Every now and then, a company does something that makes people just sort of go “…huh…why?”.

This last week was one of those times. 

Sure enough, last week, Square (the fintech company that created Cash App and shares a CEO with Twitter — Jack Dorsey) announced that they were buying “a majority ownership stake” in the music streaming service Tidal, led by Jay-Z. 

Not too surprisingly, this announcement was widely met with that “…huh…why?” reaction. A financial technology company buying a hip-hop-led music streaming service? What’s to be gained there?

The answer, interestingly, is: quite a lot!

Some M&A deals are strange because the two companies’ business models appear entirely opposed. Amazon buying Whole Foods in 2017 was a pretty unexpected move and appeared, on the surface, a strange one; while working hard to drive the shift to online commerce, why would you suddenly spend almost $14B to acquire a massive retail footprint across the United States? It quickly began to make more and more sense, as Amazon made further pushes into physical retail through Amazon Go and started building out their online grocery shopping service, Amazon Fresh. What seemed like a step backward initially proved to be a strategic long-term move.

Other M&A deals seem strange not because the two companies’ models are so opposed, but because they’re so (seemingly) unrelated. These are the more fun ones to figure out, and happens to be the type of deal we’re looking at today.

The best part about these deals is that they offer a great opportunity to dig into trends that might otherwise go unnoticed if you’re not paying particular attention.

So, let’s dig into it: why would a financial technology company want to spend almost $300M to own a relatively small music streaming service in a space dominated by entrenched giants?

Well, there might be a few reasons…

Hip-hop’s love for Cash App

To lay out the context, Square has had close ties with the music industry for a little while.

Square’s consumer mobile payment product, Cash App, in the last few years, has been met with much love by the music industry, and more specifically the hip-hop industry.

Though not explicitly marketed to artists and the music industry, Cash App has seen massive word-of-mouth growth through artists doing cash giveaways contests to their fans through the app. Quickly, as the trend grew among artists to engage their audiences with these sorts of giveaways, the brand gained attention in hip-hop culture in particular.

For a more detailed write-up of Cash App’s success in the hip-hop space, you can have a read of Dan Runcie’s brilliant piece at Trapital

Square itself isn’t even too sure what initially sparked such interest in Cash App in the music scene. Here’s CEO Jack Dorsey in a 2019 investor conference: 

“This is also something we weren’t expecting, but I think Cash App has touched in the culture. We’ve just benefited from people loving it and wanting to sing about it, and putting it in their music videos, and it’s amazing how much that spreads.”

As their traction in the space grew, Square (Cash App) was quick to lock in the interest, partnering up with massive artists to do virtual cash giveaways and get the Cash App brand front and center.

Fast forward to today, and Square’s purchase of a music streaming platform led by a huge hip-hop and rap figure begins to seem a little less random, although this is just the start to painting the full picture.

Considering Cash App’s massive brand presence in the industry, acquiring more significant inroads into the space lets Square start to take more control of the transactions that happen on and around its payments platform.
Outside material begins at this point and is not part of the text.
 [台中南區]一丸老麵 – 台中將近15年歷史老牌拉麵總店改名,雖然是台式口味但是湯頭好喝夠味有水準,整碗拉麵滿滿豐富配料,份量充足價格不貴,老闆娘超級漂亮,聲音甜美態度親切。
This begins with Cash App, but goes much further. 

It’s worth noting that in early 2020, Spotify introduced the ability to directly donate money to artists through PayPal and Cash App. When the acquisition settles, it’ll be interesting to see whether Square revokes this access in favour of offering it only via Tidal, or would prefer to take their rake of all transactions regardless of platform, and leave the feature (assuming Spotify doesn’t prefer to remove the Cash App option themselves).
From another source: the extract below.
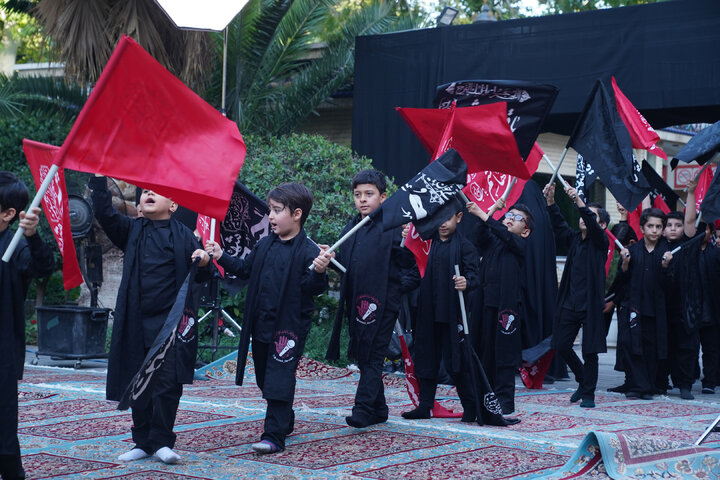 گزارش تصویری/ عزاداری پرشور کودکان و نوجوانان حسینی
Spotify questions aside, the Tidal acquisition signals a strategy in two parts.

  • On one side, Square is taking a more active role in the transactions that happen between artists and fans in the music world — this through Cash App.
  • On the other side, Square is positioning itself perfectly to offer more complex financial services to the artist side of the industry, through point of sale transactions, subscription services, and much more.

Square, artists’ new best friend

To understand how Square is looking to integrate itself across multiple layers of the artist-audience stack, it’s worth quickly laying out how Square segments its core “Square/Seller” business, and Cash App. We’ll mostly be focusing on the Seller business in this piece, but the difference is important.

This graphic from their most recent 10-K saves me some work…

To give a rough rundown of the differences: Square itself primarily focuses on SMB clients (retail stores, restaurants, hair salons, etc.). It offers a full range suite of services starting with point of sale tools (wireless digital card readers, order-placing interfaces, etc.) and spanning the gamut of payment and payroll management systems, team management systems, banking services, and plenty more.

Cash App, on the other hand, is primarily consumer-focused. It began by offering a way to quickly send and receive money simply through the app, no bank account required. Today it’s expanded its services to include direct deposit banking, stock and crypto trading features, and a Visa-issued debit card.

Square’s mission, from its outset, was to provide new tools to help companies better run their business and help them secure new income formats. When they launched in early 2009, this took the form of simplifying the process for small businesses to accept debit and credit cards by leveraging new technologies of the time.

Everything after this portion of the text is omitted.